[Stored data — start]

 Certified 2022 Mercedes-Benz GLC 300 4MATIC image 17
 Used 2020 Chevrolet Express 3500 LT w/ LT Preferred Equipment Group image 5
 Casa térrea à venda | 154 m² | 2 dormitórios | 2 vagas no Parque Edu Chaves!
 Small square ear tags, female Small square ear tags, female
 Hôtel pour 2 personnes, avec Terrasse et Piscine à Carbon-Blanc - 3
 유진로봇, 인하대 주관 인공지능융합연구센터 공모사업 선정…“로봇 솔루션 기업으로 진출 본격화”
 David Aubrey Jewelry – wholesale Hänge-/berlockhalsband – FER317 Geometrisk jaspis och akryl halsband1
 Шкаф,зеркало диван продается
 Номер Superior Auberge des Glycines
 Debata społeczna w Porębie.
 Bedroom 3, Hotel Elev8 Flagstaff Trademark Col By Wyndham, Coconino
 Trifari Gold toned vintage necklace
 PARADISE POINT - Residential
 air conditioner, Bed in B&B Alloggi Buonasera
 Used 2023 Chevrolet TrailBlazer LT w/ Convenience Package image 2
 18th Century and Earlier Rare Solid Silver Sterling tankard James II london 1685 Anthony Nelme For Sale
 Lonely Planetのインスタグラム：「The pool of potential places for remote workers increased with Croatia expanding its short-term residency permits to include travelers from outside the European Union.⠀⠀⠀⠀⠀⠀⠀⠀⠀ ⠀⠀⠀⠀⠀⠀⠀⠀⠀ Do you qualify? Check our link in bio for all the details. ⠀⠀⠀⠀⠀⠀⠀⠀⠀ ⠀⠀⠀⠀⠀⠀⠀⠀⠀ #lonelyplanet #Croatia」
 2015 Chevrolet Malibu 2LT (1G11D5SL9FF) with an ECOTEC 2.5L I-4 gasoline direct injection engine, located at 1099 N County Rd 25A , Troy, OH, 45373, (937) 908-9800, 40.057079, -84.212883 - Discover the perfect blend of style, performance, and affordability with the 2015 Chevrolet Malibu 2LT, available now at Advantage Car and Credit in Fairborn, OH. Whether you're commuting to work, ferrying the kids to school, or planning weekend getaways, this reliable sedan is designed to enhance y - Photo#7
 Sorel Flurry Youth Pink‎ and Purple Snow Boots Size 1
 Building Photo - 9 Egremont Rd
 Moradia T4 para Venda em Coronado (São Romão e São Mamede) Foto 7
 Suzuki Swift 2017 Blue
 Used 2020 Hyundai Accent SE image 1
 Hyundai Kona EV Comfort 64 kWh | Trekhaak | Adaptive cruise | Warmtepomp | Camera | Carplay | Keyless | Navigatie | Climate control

[Stored data — finish]

**Exercise details:** Every entry above needs to be copied exactly.

**Result of this exercise:**
 Certified 2022 Mercedes-Benz GLC 300 4MATIC image 17
 Used 2020 Chevrolet Express 3500 LT w/ LT Preferred Equipment Group image 5
 Casa térrea à venda | 154 m² | 2 dormitórios | 2 vagas no Parque Edu Chaves!
 Small square ear tags, female Small square ear tags, female
 Hôtel pour 2 personnes, avec Terrasse et Piscine à Carbon-Blanc - 3
 유진로봇, 인하대 주관 인공지능융합연구센터 공모사업 선정…“로봇 솔루션 기업으로 진출 본격화”
 David Aubrey Jewelry – wholesale Hänge-/berlockhalsband – FER317 Geometrisk jaspis och akryl halsband1
 Шкаф,зеркало диван продается
 Номер Superior Auberge des Glycines
 Debata społeczna w Porębie.
 Bedroom 3, Hotel Elev8 Flagstaff Trademark Col By Wyndham, Coconino
 Trifari Gold toned vintage necklace
 PARADISE POINT - Residential
 air conditioner, Bed in B&B Alloggi Buonasera
 Used 2023 Chevrolet TrailBlazer LT w/ Convenience Package image 2
 18th Century and Earlier Rare Solid Silver Sterling tankard James II london 1685 Anthony Nelme For Sale
 Lonely Planetのインスタグラム：「The pool of potential places for remote workers increased with Croatia expanding its short-term residency permits to include travelers from outside the European Union.⠀⠀⠀⠀⠀⠀⠀⠀⠀ ⠀⠀⠀⠀⠀⠀⠀⠀⠀ Do you qualify? Check our link in bio for all the details. ⠀⠀⠀⠀⠀⠀⠀⠀⠀ ⠀⠀⠀⠀⠀⠀⠀⠀⠀ #lonelyplanet #Croatia」
 2015 Chevrolet Malibu 2LT (1G11D5SL9FF) with an ECOTEC 2.5L I-4 gasoline direct injection engine, located at 1099 N County Rd 25A , Troy, OH, 45373, (937) 908-9800, 40.057079, -84.212883 - Discover the perfect blend of style, performance, and affordability with the 2015 Chevrolet Malibu 2LT, available now at Advantage Car and Credit in Fairborn, OH. Whether you're commuting to work, ferrying the kids to school, or planning weekend getaways, this reliable sedan is designed to enhance y - Photo#7
 Sorel Flurry Youth Pink‎ and Purple Snow Boots Size 1
 Building Photo - 9 Egremont Rd
 Moradia T4 para Venda em Coronado (São Romão e São Mamede) Foto 7
 Suzuki Swift 2017 Blue
 Used 2020 Hyundai Accent SE image 1
 Hyundai Kona EV Comfort 64 kWh | Trekhaak | Adaptive cruise | Warmtepomp | Camera | Carplay | Keyless | Navigatie | Climate control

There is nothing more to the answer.